2. Confusing editorial with advertising

Requesting information to be published that makes a business look good is a huge no-no.

This often happens because businesses don’t understand how the media works and they see a phone call from a journalist as an opportunity for a free plug.

3. Asking to see copy before it’s published

An ethical journalist will never show you an article before it’s published.

Doing so would create pressure on the journalist to change the story to flatter someone, hide unpleasant truths or help push someone’s agenda.

4. No news sense

You may think you know news, but don’t try telling that to a journalist.

Journalists have a sharp news sense and understand what their readers, listeners or viewers want to know about. News is topical and often involves conflicting opinions and values. Journalists understand this and don’t appreciate being told how to do their job.

5. Time wasting

When a journalist approaches a business for a comment, some people dilly-dally about getting back to them with an answer.

Their organisation doesn’t have any processes in place for dealing with the media and that’s really frustrating for journalists, especially if the comment is not for a hard-hitting investigative piece.

Often journalists are seeking a balancing opinion for their articles and need quotes from “both sides of the fence”.

 For example, they may speak to a florist about what’s on offer on Mother’s Day and need to balance that with quotes from another source criticizing the commercialism of the day.

6. Disrespecting objectivity

Sometimes businesses don’t understand that a journalist’s role is to report impartially. Developing a good relationship with a journalist means accepting the good with the bad.
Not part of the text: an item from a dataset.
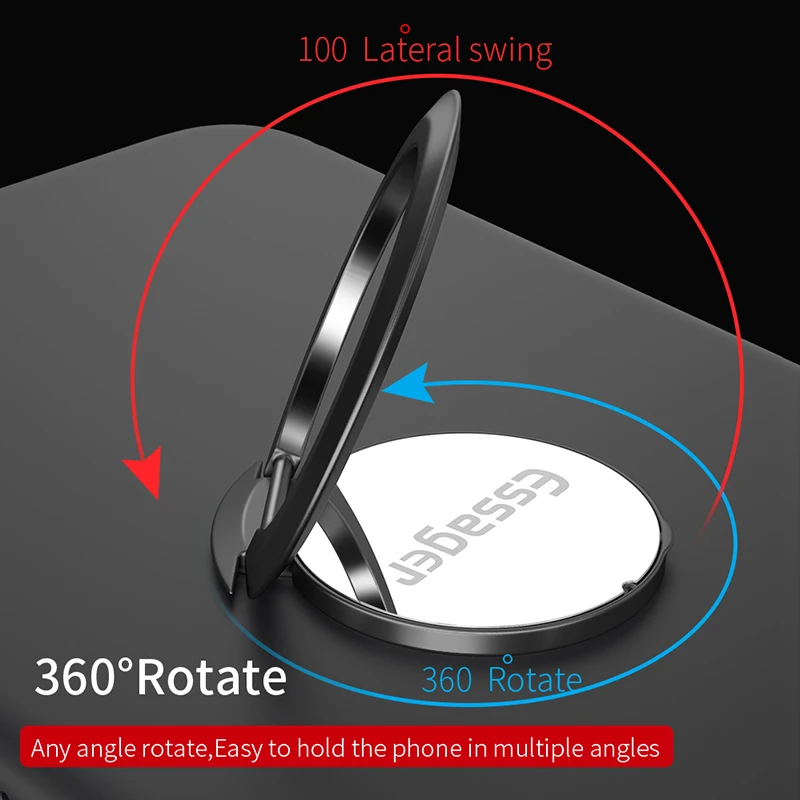 Роскошная металлическая розетка для мобильного телефона держатель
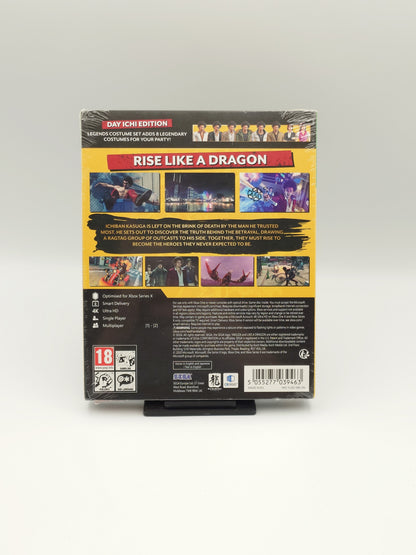 Yakuza: Like a Dragon – Day Ichi Steelbook Edition (Xbox One, PAL) – Factory Sealed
Today a journalist may seek your comments on a feel-good story but it doesn’t mean they will spare you the awkward questions about a negative issue next week.

7. Boring photos

Red-tape cutting, cheque handovers, turning the first sod. Boring!

Don’t expect photographers to be interested in “photo opportunities” that have been carefully constructed to push a corporate or government barrow.

8. Retractors

Journalists don’t mind you phoning them before deadline to fix any errors you may have contributed to in their story. In fact, they will thank you.

But retracting statements – particularly ones that are not controversial – drives them batty! Before picking up the phone to withdraw a comment, consider whether your vanity is taking over and if it’s really that important.

9. Empty promises

Don’t make a promise to get back to a journo with information and then never do it.

Journalists work against hard and fast deadlines, often with little time to arrange new sources of information if someone lets them down. No one is obliged to give interviews, but if you do, then follow through.

10. Headline complaints

Many people are unaware reporters don’t write headlines, captions or have a pivotal role in the placement of an article.

These jobs are commonly performed by subeditors who carefully edit articles for any inaccuracies, make decisions about article and image layout and craft headlines and captions.

Headlines are restricted by space but have to encapsulate the gist of a story. Of course, headlines cannot summarize entire articles and writing them takes great skill.

Unless the headline is grossly unfair, don’t complain about its witty take on an article or that it doesn’t tell both sides of the story. After all, the detail is in the article itself.